Chapter 1. Sample Cluster
The sample cluster in this chapter represents a simple, yet effective RAC cluster deployment. Where necessary, a rationale will be provided so that when your business requirements cause you to deviate from the sample cluster requirements, there will be information to help you with these customizations.
Oracle 10gR2 RAC can provide both high availability and scalability using modern commodity servers running RHEL4. Oracle 10gR2 comes in both 32-bit and 64-bit versions. A typical modern four node RAC cluster consists of high quality commodity servers that provide superior price/performance, reliability, and modularity to make Oracle commodity computing a viable alternative to large Enterprise class UNIX mainframes.
This sample cluster, which consists of four identical nodes, is the most common deployment topology. It is called a Symmetrical RAC cluster as all server nodes are identically configured.
Asymmetrical cluster topologies also make sense where there is a need to isolate application writes to one node. Spreading writes over several nodes in RAC can limit scalability. It can complicate node failover, but this highlights how important application integration with the RAC is. Asymmetrical RAC clusters slightly favor performance over availability.
This cluster uses a commodity storage platform (HP Storageworks MSA1500) which is a conventional 2GB/s FCP SAN. GFS is a blocks-based clustered filesystem and therefore can run over any FCP or iSCSI SAN. The storage array must be accessible from all nodes. Each node needs a FCP HBA. Storage vendors will be very particular about which HBAs and which supported drivers are required for use with their equipment. Typically, the vendor will sell an attach kit that contains the FCP HBA and the RHEL4 relevant drivers.
A minimum of one FCP switch is required, although many topologies are configured with two switches, which would then require each node to have a dual-ported HBA.

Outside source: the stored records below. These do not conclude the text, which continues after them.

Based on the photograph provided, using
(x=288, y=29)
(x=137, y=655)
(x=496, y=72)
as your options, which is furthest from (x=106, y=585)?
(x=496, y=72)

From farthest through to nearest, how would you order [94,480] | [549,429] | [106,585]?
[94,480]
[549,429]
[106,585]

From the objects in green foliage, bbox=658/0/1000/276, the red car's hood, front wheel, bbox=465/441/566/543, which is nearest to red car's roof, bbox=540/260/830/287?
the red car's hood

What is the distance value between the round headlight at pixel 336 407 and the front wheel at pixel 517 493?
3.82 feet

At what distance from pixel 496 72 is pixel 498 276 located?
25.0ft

Like FCP, iSCSI is a blocks-based protocol that implements the T.10 SCSI command set. It does this over a TCP/IP transport instead of a Fiber Channel Transport. The term SAN and NAS are no longer relevant in the modern storage world, but have historically been euphemisms for SCSI over FCP (SAN) and NFS over TCP/IP (NAS). What matters is whether or not it is a SCSI blocks-based protocol or if it uses the NFS filesystem protocol when communicating with the storage array. Often iSCSI is mistakenly referred to as NAS, where it really has much more in common with FCP, since the protocol is what matters, not the transport.

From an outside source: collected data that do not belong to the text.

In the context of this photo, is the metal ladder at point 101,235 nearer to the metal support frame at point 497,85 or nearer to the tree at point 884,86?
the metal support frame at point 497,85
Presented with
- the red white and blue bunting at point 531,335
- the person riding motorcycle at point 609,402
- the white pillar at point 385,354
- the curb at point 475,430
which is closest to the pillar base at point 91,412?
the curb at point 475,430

In order for Oracle to perform well, it requires spindles, not bandwidth. Many customers often configure their storage array based on how much space the database might need or if they do consider performance, how much bandwidth. These are not appropriate metrics for sizing a storage array to run an Oracle database.
Database performance almost always depends on the number of IOPs (I/O Operations) that a storage fabric can deliver and this is inevitably a function of the number of spindles underneath a database table or index. The best strategy is to use the SAME (Strip and Mirror everything) methodology. This allows any GFS volume to have access to the maximum IOP rate the array supports without having the performance requirements of the application in advance.

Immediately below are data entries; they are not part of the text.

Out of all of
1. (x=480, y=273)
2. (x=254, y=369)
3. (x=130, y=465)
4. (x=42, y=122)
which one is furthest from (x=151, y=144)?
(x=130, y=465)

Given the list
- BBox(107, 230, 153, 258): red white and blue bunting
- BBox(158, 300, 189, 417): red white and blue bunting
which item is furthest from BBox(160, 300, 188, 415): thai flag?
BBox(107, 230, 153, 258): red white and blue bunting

When doing a SQL query that does an index range scan, thousands of IOPs may be needed. What determines the IOP rate of a given physical disk is how fast it spins (RPM), the location of the data and the interface type. Here is an approximate sizing guide:
Interface/RPM | IOPs |
---|---|
SATA-I (7200) |
50 IOPS |
SATA-II (10K) |
150 IOPS |
FCP 10K |
150 IOPs |
FCP 15K |
200 IOPs |
Table 1.1. Sizing Guide
A 144GB 10K FCP drive can sometimes out-perform a 72GB 10K drive because most of the data might be located in fewer “tracks,” causing the larger disk to seek less. However, the rotational latency is identical and the track cache often does not help as the database typically reads thousands of random blocks per second. SATA-I drives are particularly bad because they do not support tagged-queuing. Tagged queuing, an interface optimization found in SCSI, permits the disk to process more I/O transactions, but it increases the cost. A 7200-rpm Ultra-Wide SCSI disk often out-performs the equivalent SATA-I due to tagged queuing. SATA-I drives are very high capacity and cheap, but are very poor at random IOPS. SATA-II disks support tagged queuing.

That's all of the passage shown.